Short descriptive text snippets:
# # # # #

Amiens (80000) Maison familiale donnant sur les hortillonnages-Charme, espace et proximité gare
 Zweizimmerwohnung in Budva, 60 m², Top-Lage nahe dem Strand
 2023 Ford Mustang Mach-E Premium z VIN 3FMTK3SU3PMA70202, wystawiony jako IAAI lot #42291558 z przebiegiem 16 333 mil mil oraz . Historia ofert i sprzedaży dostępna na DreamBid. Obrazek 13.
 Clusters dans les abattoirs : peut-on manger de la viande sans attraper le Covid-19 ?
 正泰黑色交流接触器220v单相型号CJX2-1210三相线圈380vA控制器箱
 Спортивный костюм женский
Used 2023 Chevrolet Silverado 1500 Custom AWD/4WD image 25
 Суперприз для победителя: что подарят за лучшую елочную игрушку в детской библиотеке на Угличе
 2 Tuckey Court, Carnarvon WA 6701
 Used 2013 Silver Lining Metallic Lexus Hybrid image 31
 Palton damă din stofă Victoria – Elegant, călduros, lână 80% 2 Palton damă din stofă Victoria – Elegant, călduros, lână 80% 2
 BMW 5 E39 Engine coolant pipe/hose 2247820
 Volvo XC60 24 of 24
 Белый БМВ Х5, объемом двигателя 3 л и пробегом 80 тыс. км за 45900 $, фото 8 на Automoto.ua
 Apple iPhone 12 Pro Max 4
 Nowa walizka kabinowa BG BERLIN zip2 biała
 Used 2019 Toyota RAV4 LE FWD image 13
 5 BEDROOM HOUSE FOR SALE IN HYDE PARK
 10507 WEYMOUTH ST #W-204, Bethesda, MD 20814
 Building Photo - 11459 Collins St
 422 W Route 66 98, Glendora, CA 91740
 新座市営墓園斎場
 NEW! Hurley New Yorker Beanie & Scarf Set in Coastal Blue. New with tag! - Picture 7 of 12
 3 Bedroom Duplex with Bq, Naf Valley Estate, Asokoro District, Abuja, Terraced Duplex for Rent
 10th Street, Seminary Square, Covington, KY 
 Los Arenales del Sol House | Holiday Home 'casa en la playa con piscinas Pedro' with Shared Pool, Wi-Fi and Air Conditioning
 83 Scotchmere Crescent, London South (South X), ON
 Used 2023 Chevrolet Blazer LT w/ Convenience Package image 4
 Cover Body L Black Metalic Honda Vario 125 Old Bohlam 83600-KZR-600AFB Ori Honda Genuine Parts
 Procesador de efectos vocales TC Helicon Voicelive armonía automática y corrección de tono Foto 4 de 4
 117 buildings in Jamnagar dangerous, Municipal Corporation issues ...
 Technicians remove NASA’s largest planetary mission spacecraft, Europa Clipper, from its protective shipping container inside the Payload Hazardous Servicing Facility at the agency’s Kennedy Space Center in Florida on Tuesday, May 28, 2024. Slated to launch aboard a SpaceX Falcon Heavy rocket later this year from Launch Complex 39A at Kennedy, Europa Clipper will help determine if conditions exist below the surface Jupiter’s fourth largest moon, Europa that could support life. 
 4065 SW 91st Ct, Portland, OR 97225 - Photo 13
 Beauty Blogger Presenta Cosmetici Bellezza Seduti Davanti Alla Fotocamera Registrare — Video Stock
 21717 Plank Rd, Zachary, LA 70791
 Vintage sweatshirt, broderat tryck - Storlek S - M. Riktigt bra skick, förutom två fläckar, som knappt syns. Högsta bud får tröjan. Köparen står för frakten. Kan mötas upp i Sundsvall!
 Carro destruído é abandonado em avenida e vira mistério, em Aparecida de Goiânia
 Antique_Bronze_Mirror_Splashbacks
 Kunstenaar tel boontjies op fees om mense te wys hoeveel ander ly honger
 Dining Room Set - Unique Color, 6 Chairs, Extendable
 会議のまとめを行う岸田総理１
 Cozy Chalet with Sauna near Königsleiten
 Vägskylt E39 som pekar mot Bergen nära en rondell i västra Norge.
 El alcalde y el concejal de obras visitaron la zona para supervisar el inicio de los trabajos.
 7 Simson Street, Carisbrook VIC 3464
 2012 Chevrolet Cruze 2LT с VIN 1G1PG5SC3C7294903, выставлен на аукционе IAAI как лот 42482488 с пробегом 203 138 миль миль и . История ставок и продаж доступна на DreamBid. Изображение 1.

# # # # #

Prompt
Take the lines above and print them exactly.

Answer to this problem
Amiens (80000) Maison familiale donnant sur les hortillonnages-Charme, espace et proximité gare
 Zweizimmerwohnung in Budva, 60 m², Top-Lage nahe dem Strand
 2023 Ford Mustang Mach-E Premium z VIN 3FMTK3SU3PMA70202, wystawiony jako IAAI lot #42291558 z przebiegiem 16 333 mil mil oraz . Historia ofert i sprzedaży dostępna na DreamBid. Obrazek 13.
 Clusters dans les abattoirs : peut-on manger de la viande sans attraper le Covid-19 ?
 正泰黑色交流接触器220v单相型号CJX2-1210三相线圈380vA控制器箱
 Спортивный костюм женский
Used 2023 Chevrolet Silverado 1500 Custom AWD/4WD image 25
 Суперприз для победителя: что подарят за лучшую елочную игрушку в детской библиотеке на Угличе
 2 Tuckey Court, Carnarvon WA 6701
 Used 2013 Silver Lining Metallic Lexus Hybrid image 31
 Palton damă din stofă Victoria – Elegant, călduros, lână 80% 2 Palton damă din stofă Victoria – Elegant, călduros, lână 80% 2
 BMW 5 E39 Engine coolant pipe/hose 2247820
 Volvo XC60 24 of 24
 Белый БМВ Х5, объемом двигателя 3 л и пробегом 80 тыс. км за 45900 $, фото 8 на Automoto.ua
 Apple iPhone 12 Pro Max 4
 Nowa walizka kabinowa BG BERLIN zip2 biała
 Used 2019 Toyota RAV4 LE FWD image 13
 5 BEDROOM HOUSE FOR SALE IN HYDE PARK
 10507 WEYMOUTH ST #W-204, Bethesda, MD 20814
 Building Photo - 11459 Collins St
 422 W Route 66 98, Glendora, CA 91740
 新座市営墓園斎場
 NEW! Hurley New Yorker Beanie & Scarf Set in Coastal Blue. New with tag! - Picture 7 of 12
 3 Bedroom Duplex with Bq, Naf Valley Estate, Asokoro District, Abuja, Terraced Duplex for Rent
 10th Street, Seminary Square, Covington, KY 
 Los Arenales del Sol House | Holiday Home 'casa en la playa con piscinas Pedro' with Shared Pool, Wi-Fi and Air Conditioning
 83 Scotchmere Crescent, London South (South X), ON
 Used 2023 Chevrolet Blazer LT w/ Convenience Package image 4
 Cover Body L Black Metalic Honda Vario 125 Old Bohlam 83600-KZR-600AFB Ori Honda Genuine Parts
 Procesador de efectos vocales TC Helicon Voicelive armonía automática y corrección de tono Foto 4 de 4
 117 buildings in Jamnagar dangerous, Municipal Corporation issues ...
 Technicians remove NASA’s largest planetary mission spacecraft, Europa Clipper, from its protective shipping container inside the Payload Hazardous Servicing Facility at the agency’s Kennedy Space Center in Florida on Tuesday, May 28, 2024. Slated to launch aboard a SpaceX Falcon Heavy rocket later this year from Launch Complex 39A at Kennedy, Europa Clipper will help determine if conditions exist below the surface Jupiter’s fourth largest moon, Europa that could support life. 
 4065 SW 91st Ct, Portland, OR 97225 - Photo 13
 Beauty Blogger Presenta Cosmetici Bellezza Seduti Davanti Alla Fotocamera Registrare — Video Stock
 21717 Plank Rd, Zachary, LA 70791
 Vintage sweatshirt, broderat tryck - Storlek S - M. Riktigt bra skick, förutom två fläckar, som knappt syns. Högsta bud får tröjan. Köparen står för frakten. Kan mötas upp i Sundsvall!
 Carro destruído é abandonado em avenida e vira mistério, em Aparecida de Goiânia
 Antique_Bronze_Mirror_Splashbacks
 Kunstenaar tel boontjies op fees om mense te wys hoeveel ander ly honger
 Dining Room Set - Unique Color, 6 Chairs, Extendable
 会議のまとめを行う岸田総理１
 Cozy Chalet with Sauna near Königsleiten
 Vägskylt E39 som pekar mot Bergen nära en rondell i västra Norge.
 El alcalde y el concejal de obras visitaron la zona para supervisar el inicio de los trabajos.
 7 Simson Street, Carisbrook VIC 3464
 2012 Chevrolet Cruze 2LT с VIN 1G1PG5SC3C7294903, выставлен на аукционе IAAI как лот 42482488 с пробегом 203 138 миль миль и . История ставок и продаж доступна на DreamBid. Изображение 1.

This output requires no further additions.